According to Tola, the Labor Ministry on Friday asked workers for another reconciliation meeting, but he hadn’t heard any response yet.
Separately, a Kampong Speu factory rejected the Labor Ministry’s request to rehire three workers who were terminated for forming a union, said International Trade Union Confederation president Ry Sethyneth.
The Cinlon International factory fired three workers in June for attempting to create an independent union, leading the Labor Ministry to write a letter urging the factory to rehire the workers. However, Sethyneth said the factory had since refused.
Toch Sophorn, a Cinlon factory administrator, said the company didn’t have enough work to hire the three workers.
“As I said, we fired them not because of discrimination against the union,” she said. “There are a lot of workers who got fired because the factory doesn’t have any work.”
Phnom Penh factory workers are also waiting for a Labor Ministry response after Hung Wah Garment Manufacturing shuttered in September.
Sen Korn, a former tailor at the factory, said around 808 workers had been terminated on September 16 without any warning and with only partial severance.
Korn said the workers had filed a complaint to the Labor Ministry, but officials had yet to offer a solution, suggesting instead that the workers take the company to court.
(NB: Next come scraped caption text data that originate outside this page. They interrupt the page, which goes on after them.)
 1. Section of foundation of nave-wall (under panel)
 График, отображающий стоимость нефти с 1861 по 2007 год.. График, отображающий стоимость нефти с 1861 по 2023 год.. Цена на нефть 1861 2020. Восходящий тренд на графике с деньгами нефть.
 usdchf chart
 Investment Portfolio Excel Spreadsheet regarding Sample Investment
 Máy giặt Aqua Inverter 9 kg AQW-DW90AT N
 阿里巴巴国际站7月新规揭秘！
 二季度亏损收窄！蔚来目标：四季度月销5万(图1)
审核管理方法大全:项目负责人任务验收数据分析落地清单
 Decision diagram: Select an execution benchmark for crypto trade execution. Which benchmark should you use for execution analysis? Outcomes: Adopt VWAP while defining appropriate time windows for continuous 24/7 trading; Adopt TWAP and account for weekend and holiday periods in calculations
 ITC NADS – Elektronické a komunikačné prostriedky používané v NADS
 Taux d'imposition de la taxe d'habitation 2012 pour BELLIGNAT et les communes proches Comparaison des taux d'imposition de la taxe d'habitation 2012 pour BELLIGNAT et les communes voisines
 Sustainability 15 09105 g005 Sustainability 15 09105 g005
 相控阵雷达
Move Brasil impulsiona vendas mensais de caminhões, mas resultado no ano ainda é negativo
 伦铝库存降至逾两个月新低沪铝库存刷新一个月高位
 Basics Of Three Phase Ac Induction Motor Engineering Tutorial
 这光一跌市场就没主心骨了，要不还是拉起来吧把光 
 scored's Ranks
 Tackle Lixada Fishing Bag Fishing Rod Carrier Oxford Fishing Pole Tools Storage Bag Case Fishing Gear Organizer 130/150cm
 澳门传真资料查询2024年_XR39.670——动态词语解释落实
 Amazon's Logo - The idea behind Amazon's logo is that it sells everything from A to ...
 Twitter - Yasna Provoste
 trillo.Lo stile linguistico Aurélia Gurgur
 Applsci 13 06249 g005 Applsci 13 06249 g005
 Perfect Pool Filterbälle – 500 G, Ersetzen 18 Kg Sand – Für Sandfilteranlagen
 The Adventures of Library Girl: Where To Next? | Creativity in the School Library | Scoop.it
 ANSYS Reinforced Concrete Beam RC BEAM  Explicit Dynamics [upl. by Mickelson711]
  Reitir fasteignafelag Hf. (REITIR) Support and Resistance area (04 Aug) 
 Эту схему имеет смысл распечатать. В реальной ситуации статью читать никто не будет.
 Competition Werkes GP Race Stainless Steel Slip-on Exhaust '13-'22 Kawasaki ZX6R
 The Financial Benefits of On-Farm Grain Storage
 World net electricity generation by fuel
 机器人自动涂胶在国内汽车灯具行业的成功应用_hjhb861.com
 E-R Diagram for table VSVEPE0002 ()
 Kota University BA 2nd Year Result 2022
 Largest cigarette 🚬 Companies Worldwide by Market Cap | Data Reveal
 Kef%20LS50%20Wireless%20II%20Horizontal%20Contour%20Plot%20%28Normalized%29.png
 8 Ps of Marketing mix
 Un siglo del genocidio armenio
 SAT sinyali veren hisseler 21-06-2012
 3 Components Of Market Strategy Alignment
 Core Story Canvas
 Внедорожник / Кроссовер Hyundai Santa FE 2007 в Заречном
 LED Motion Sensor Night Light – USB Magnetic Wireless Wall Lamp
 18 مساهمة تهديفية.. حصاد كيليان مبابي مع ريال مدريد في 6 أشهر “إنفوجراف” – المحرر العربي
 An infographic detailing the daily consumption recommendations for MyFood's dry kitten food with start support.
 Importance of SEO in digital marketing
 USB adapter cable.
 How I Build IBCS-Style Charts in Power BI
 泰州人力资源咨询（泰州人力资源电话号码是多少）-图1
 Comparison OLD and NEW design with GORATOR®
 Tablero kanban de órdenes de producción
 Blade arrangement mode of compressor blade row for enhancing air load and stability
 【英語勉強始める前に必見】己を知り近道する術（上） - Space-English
“We filed a complaint. … Silence. We didn’t get answers to anything, and workers are still waiting for a solution,” Korn said.
Meanwhile, workers in Phnom Penh’s Pur Senchey district have been waiting more than eight months for further compensation after the beleaguered Canteran Apparel shuttered without notice in May, said unionist San Sophal.
Unionists filed a complaint to the Labor Ministry seeking intervention in May, and then petitioned Phnom Penh Municipal Court in August. Sophal said the Labor Ministry offered three of the five points they presented in petitions, giving workers partial compensation. Workers sometimes still camped outside the factory in turn to wait for full compensation.
The employers “ran away,” she said, and the extended occupation of the factory grounds took a toll on some workers.
“During the day there are some unemployed older workers and pregnant workers who are waiting there, and they have a lot of difficulties, especially the pregnant women and older workers who are facing financial difficulties paying for their rental houses,” she said.
Labor Ministry spokesperson Heng Sour did not respond to requests for comment, nor did representatives of the Canteran and Hung Wah factories.